A more basic issue, however, is why we need such regulation in the first place. Isn't decision making simply a process of weighing pros and cons and arriving at best alternatives?

A great deal of research suggests that there is far more to decision making than the rational actor model would suggest. The field of neuroeconomics is illuminating the complex brain mechanisms that underlie choice and action under conditions of risk, reward, and uncertainty. A recent article in The New Yorker provides a readable account of much of this research. A more technical, but highly informative, review can be found in this article.

The gist of neuroeconomics research is that multiple brain systems are responsible for our processing of information and making of decisions. Utilizing animal, as well as human, subjects, researchers have found neural bases for risk preferences. One interesting finding is that the salience of rewards affects propensity for risk-taking. This certainly would seem to be adaptive in the animal world, but could easily lead to imprudent investor behavior in volatile markets that appear on the surface to offer heightened movement (and hence reward).

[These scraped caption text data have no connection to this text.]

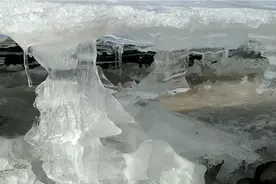 冷极冰雪融化形成冰川视频封面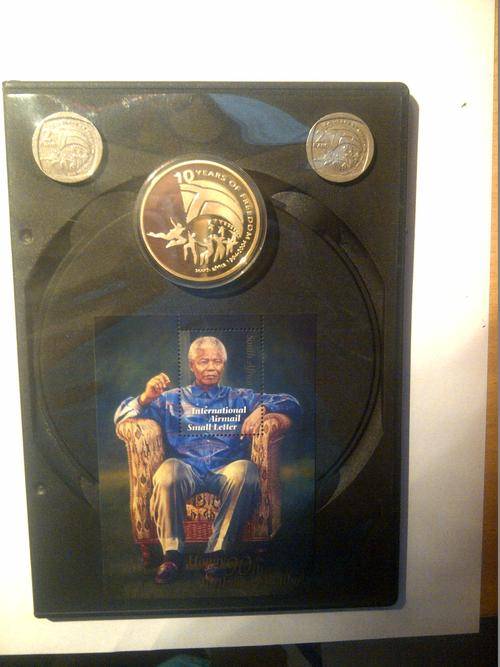 Mandela - Ten Years of Freedom coin set: 1 oz Gold layered coin, 2 x R2 and sitting stamp 90th Birth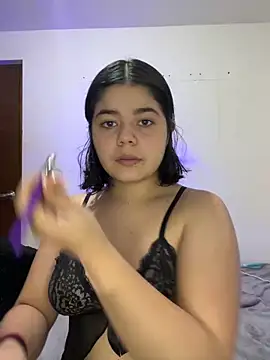 pretty angela1 online show from January 7, 6:24 pm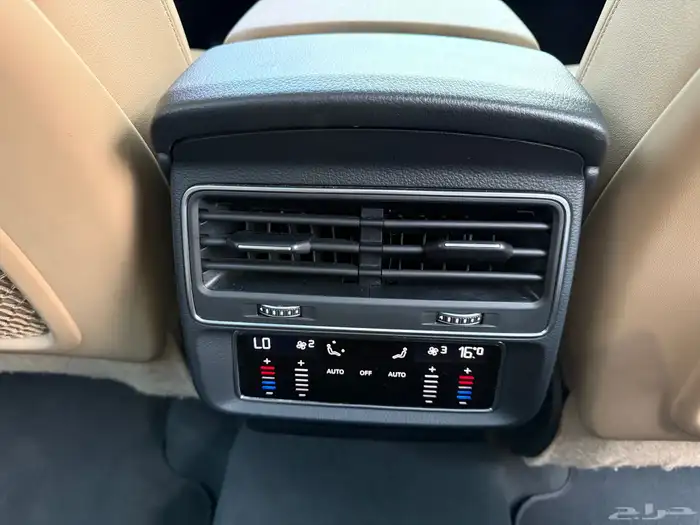 اودي Q9 كوارتو 2019 شبه جديد 28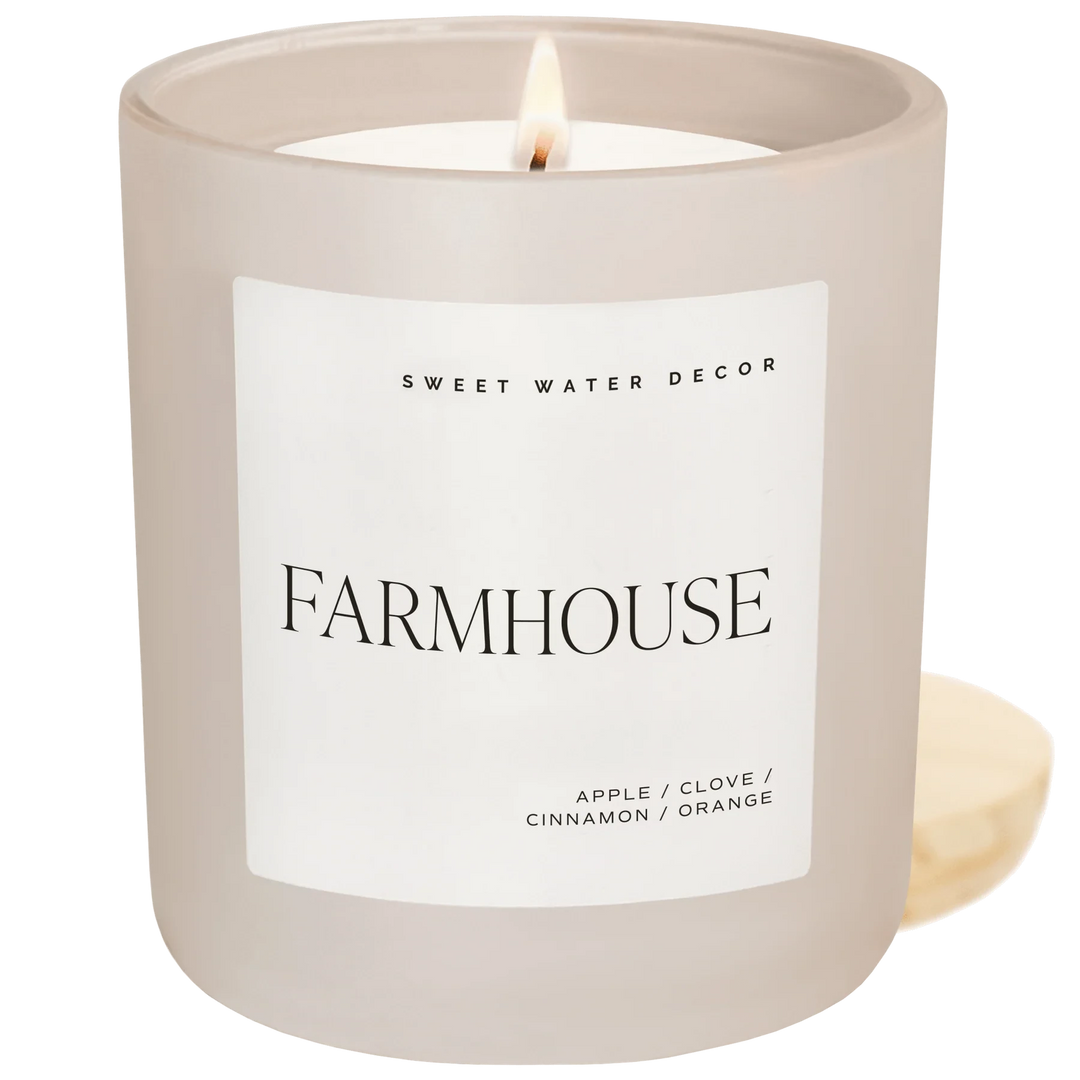 Sojawachskerze "FARMHOUSE" von Sweet Water Decor.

Conversely, volatile markets may make potential losses more salient for traders, leading to negative expectations in the face of ambiguity. In either scenario, however, the heightened movement of markets leads to an exaggeration of potential gains and losses, biasing perception and decision-making.

To make the issue concrete, consider the high-low trading ranges for the S&P 500 Index over the past four trading sessions compared to the four prior sessions. The most recent average range in SPY during the day session has been 3.15 points, or the equivalent of about 31 ES points. The average range for the four previous days was 1.05 points, or about 10 ES points. For all intents and purposes, then, it is as if--suddenly and without warning--traders and investors have found themselves with three times their normal positions. That, of course, means three times the risk and reward.

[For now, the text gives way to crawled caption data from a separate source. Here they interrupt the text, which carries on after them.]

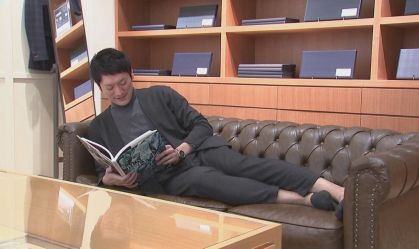 No Japão, 'pijama social' é aposta para atualizar o look do home office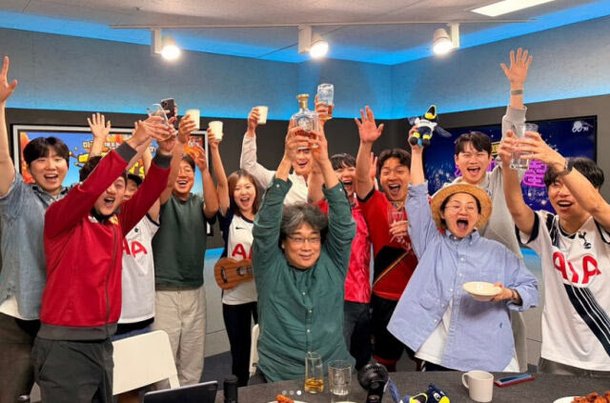 영화 얘기 NO 봉준호, 손흥민 유로파 입중계 등판…승리에 환호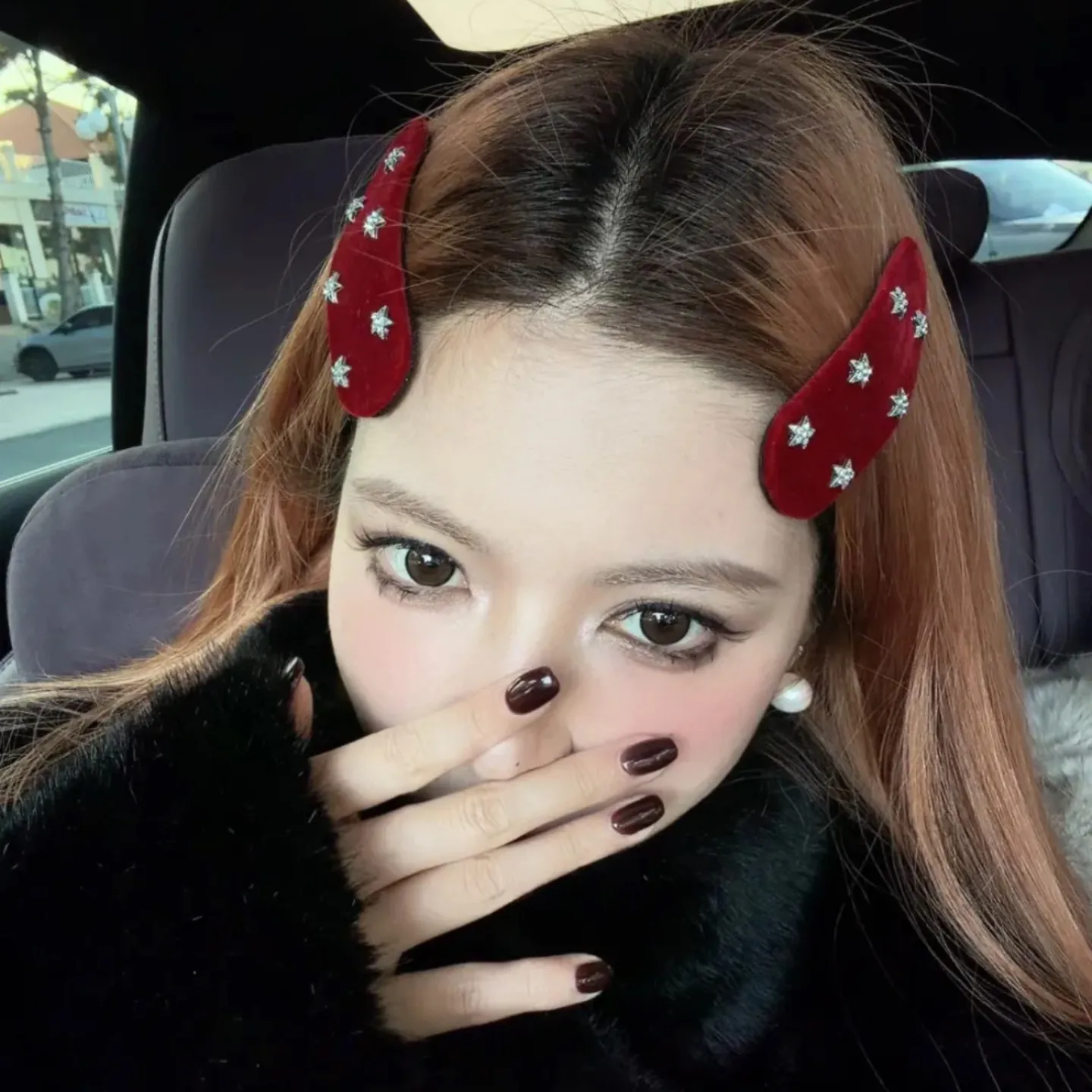 BB Hair Clip Korean Style New Black Velvet Water Drop Silver Rhinestone Star Accent Side Bangs for Women Elegant Non Slip Small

How can traders cope with this new market environment? In his book The Only Three Questions That Count, Ken Fisher suggests that traders and investors entertain a straightforward question: "What is my brain doing to blindside me now?" Notice that the mere asking of the question helps the trader stand apart from biases and look at decision-making more objectively. Your investment and trading decisions, Fisher emphasizes, must be made on the basis of your knowing something others don't: you neither want volatility to excite you to the point of trading without an edge; nor do you want risk aversion to blind you to advantages that might actually be present.

I recall a trader who, frustrated with the market's low volatility, became quite excited when an economic report came in out of line and led to sharp market swings. He traded twice as frequently as usual with his normal size and quickly lost his maximum for the day. When I asked why he had traded so aggressively, he replied that it was because there was so much "opportunity". Clearly, his excitement led him to define opportunity as movement, not as an objective edge in the marketplace. I've known many other traders who, confronted with a pick up in market movement, stare at the screen, frozen in the headlights, because the market is "too risky". That trader also sees heightened movement as enhanced opportunity: opportunity for loss!

A very simple strategy I've used with beginning traders is to cut position size when volatility ramps up. That keeps expectable P/L per trade constant, which in turn helps traders keep their perception level. The idea is to trade with the largest size that will not trigger the flight-or-fight responses that evolution has hard-wired for us. With experience and rehearsal (mental rehearsal as well as simulated trading), that size can gradually expand. By keeping in mind that our brains are apt to blindside us during times of heightened risk and reward, we can step back (literally and in size) and ground ourselves in what we know that others might be missing.